Starting at the line that contains "Altenew One-Go: Solid" and stopping at the line that contains "Pro Standard NCAA", restate each line of the records below exactly. Omit the pictures.

_Input data_
--- START ---
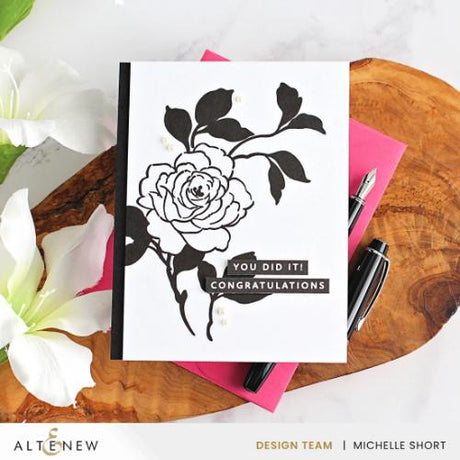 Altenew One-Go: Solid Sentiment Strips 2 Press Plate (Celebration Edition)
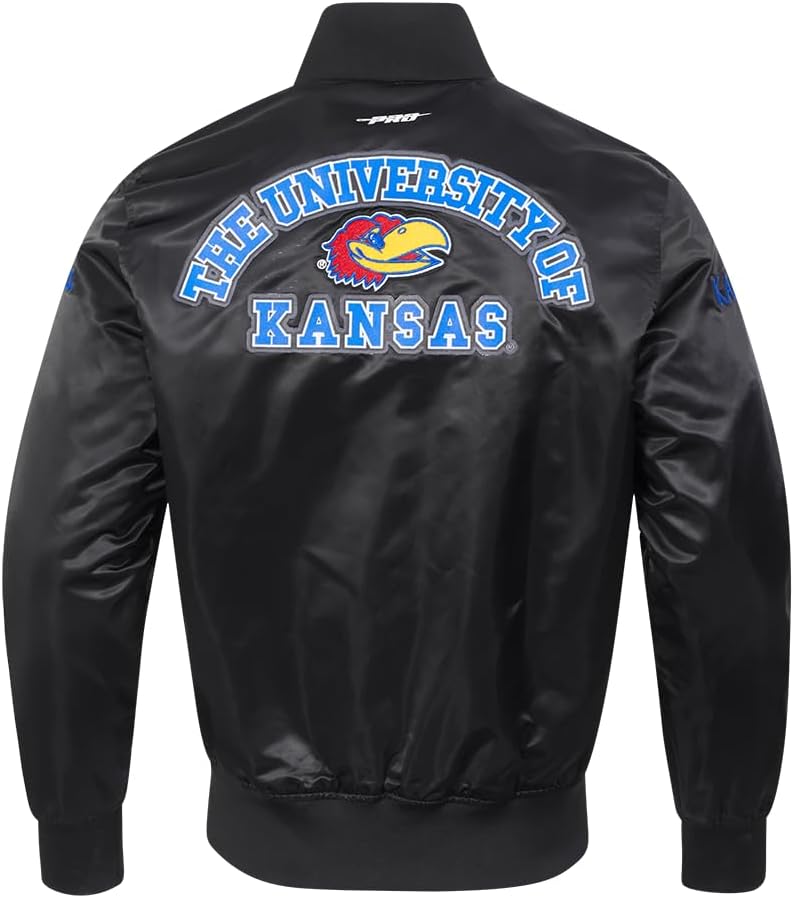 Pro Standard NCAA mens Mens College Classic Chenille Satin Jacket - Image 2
--- END ---
--- START ---
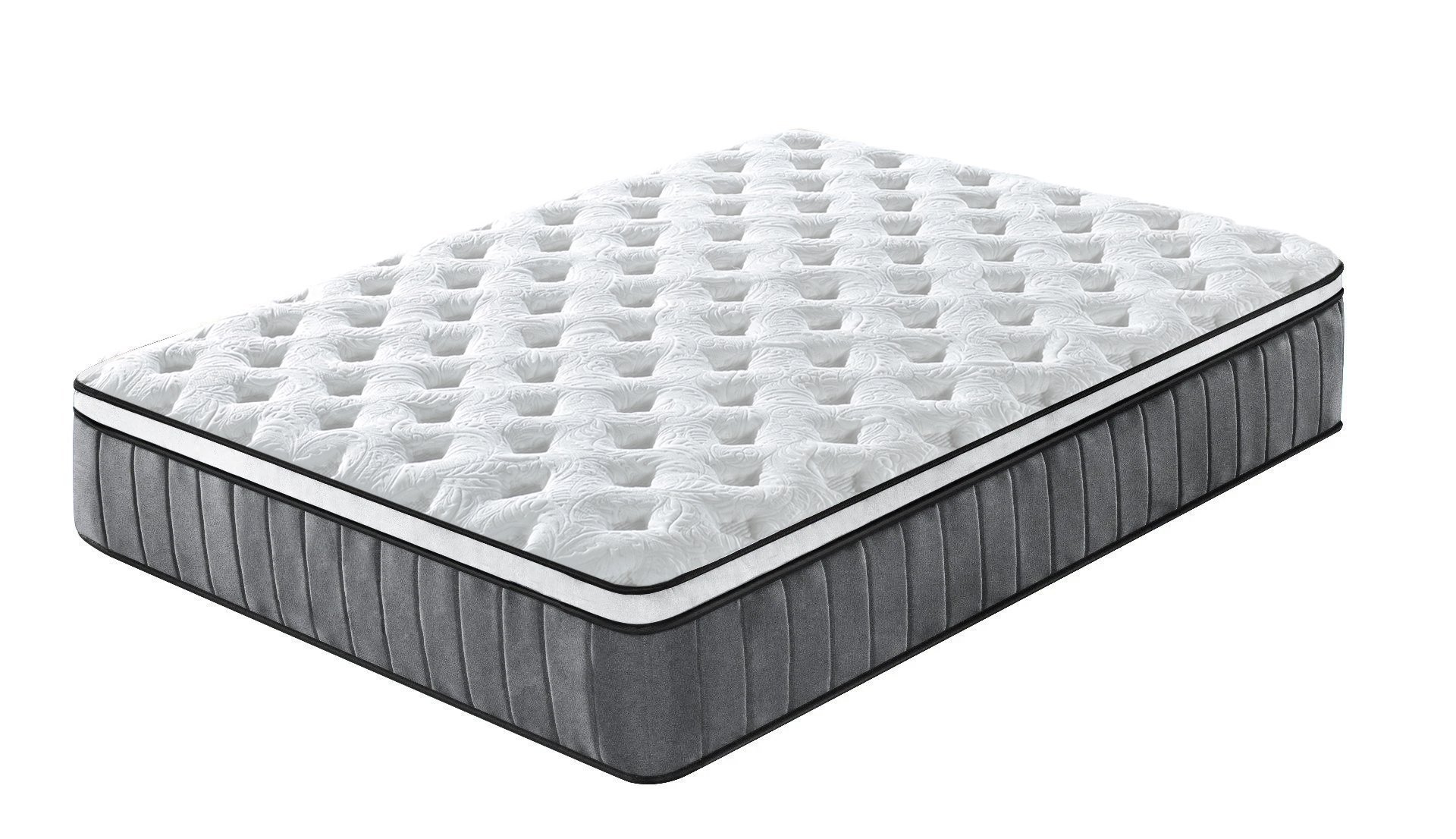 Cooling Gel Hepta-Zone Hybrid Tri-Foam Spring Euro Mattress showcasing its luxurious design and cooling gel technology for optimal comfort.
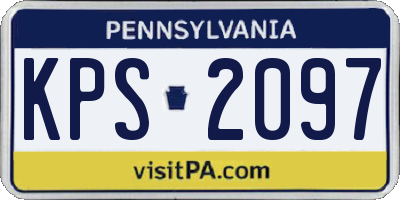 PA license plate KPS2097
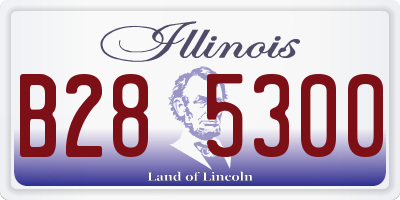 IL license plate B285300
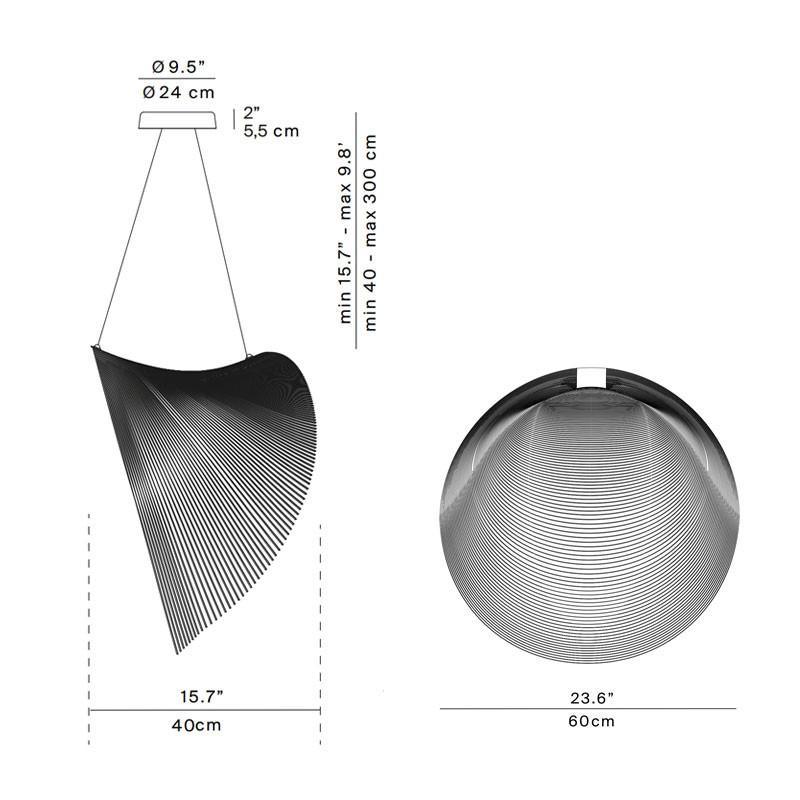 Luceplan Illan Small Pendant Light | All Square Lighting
--- END ---
--- START ---
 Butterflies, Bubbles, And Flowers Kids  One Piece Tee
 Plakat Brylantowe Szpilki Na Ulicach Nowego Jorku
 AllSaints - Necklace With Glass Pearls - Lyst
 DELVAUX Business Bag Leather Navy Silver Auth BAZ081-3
--- END ---
_Solution to this task_
 Altenew One-Go: Solid Sentiment Strips 2 Press Plate (Celebration Edition)
 Pro Standard NCAA mens Mens College Classic Chenille Satin Jacket - Image 2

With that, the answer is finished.